PostgreSQL setup uses the pg-test-harness scripts. Clone the pg-arrow/utils repo and point PG_HARNESS_DIR at the harness subdirectory:

git clone https://github.com/pg-arrow/utils /path/to/utils
export PG_HARNESS_DIR=/path/to/utils/pg-test-harness

Add the export to your shell profile (~/.zshrc, ~/.bashrc) to persist it.

Quick Setup

Setup writes testdata/ and pg-test-config.toml under $PG_HARNESS_DIR. The just recipes inherit that env var — no extra flags needed:

# Full setup: build from source, init cluster, load test data
just pg-setup pg18            # or pg17 / latest

# Full setup with simple schema (no pgbench tables)
just pg-setup-simple pg18

# Individual steps
just pg-build pg18            # Build PostgreSQL source only
just pg-init pg18             # Init cluster (source must be built)
just pg-testdata pg18         # Load test data into initialised cluster

Or invoke the harness script directly:

bash "$PG_HARNESS_DIR/scripts/setup-postgres.sh" -b pg18 -B -i -t

Script options

Flag Description
-b, --branch VERSION pg18, pg17, pg16, latest, or full branch name
-B, --build Build PostgreSQL locally (meson/ninja)
-i, --init Initialize database cluster
-t, --test-data Create test database with sample data
-s, --simple-schema Single-table schema instead of full e-commerce schema
-p, --pgbench Create a pgbench_test database with pgbench data

What the script does

  1. Clones PostgreSQL from https://git.postgresql.org/git/postgresql.git into $PG_HARNESS_DIR/testdata/postgres/
  2. Creates a git worktree under $PG_HARNESS_DIR/testdata/postgres-{version}/
  3. Optionally builds PostgreSQL locally (installs to testdata/postgres-{version}/install/)
  4. Optionally initializes the database cluster (no root/postgres user needed)
  5. Optionally creates a test database and loads schema + sample data
  6. Writes paths to $PG_HARNESS_DIR/pg-test-config.toml for use in Rust tests

Directory structure after setup

$PG_HARNESS_DIR/                  # = utils/pg-test-harness in this repo
├── pg-test-config.toml           # one config, shared by pg_arrow + pgfusion
├── testdata/
│   ├── postgres/                 # main PostgreSQL git repository
│   ├── postgres-latest/          # worktree for master branch
│   │   ├── data/
│   │   ├── build/
│   │   └── install/bin/
│   └── postgres-pg18/
│       ├── data/
│       ├── build/
│       └── install/bin/
└── scripts/
    ├── setup-postgres.sh         # PostgreSQL build/init/test-data setup
    └── pgbackrest-backup.sh      # WAL archiving and backup management

pg-test-config.toml format

Generated by the setup script.
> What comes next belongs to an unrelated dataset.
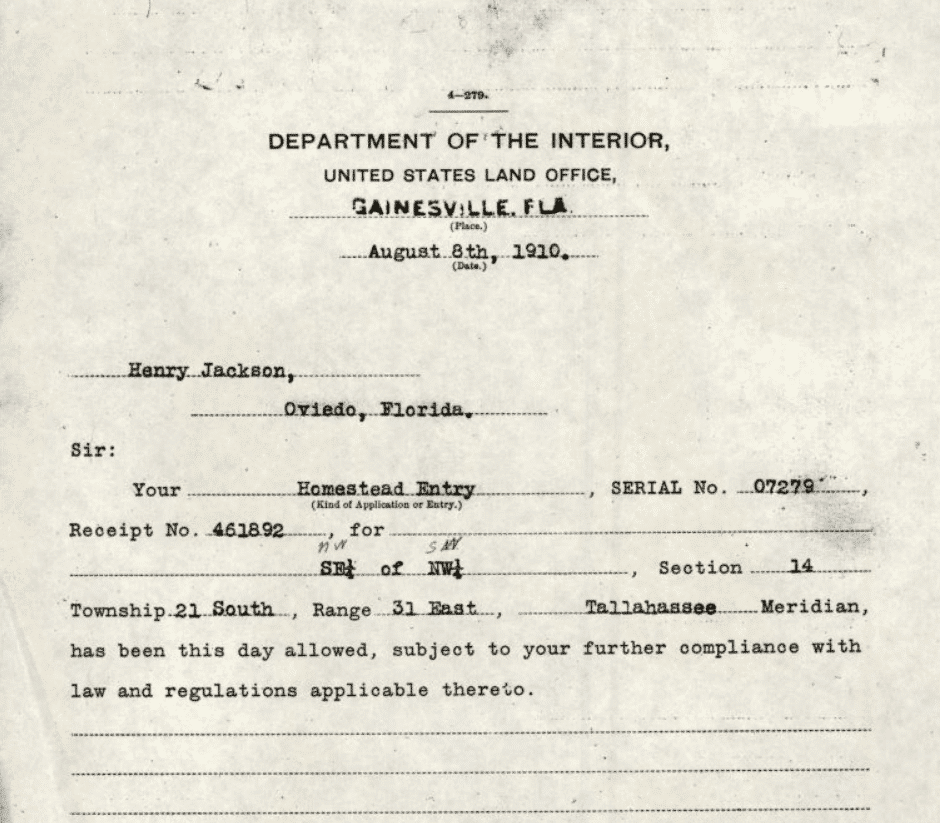 Henry Jackson's homestead documentation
Paths inside are relative to $PG_HARNESS_DIR (the config file's parent directory) — read programmatically in tests via pg_test_harness::read_pg_config(); never hardcode paths.

[postgres.pg18]
version = "REL_18_STABLE"
source_dir = "testdata/postgres-pg18"
data_dir = "testdata/postgres-pg18/data"
bin_dir = "testdata/postgres-pg18/install/bin"
initialized = true
test_db_created = true

Test database schemas

Simple schema (-s flag): single test_types table covering all common PostgreSQL datatypes — ideal for basic parsing tests.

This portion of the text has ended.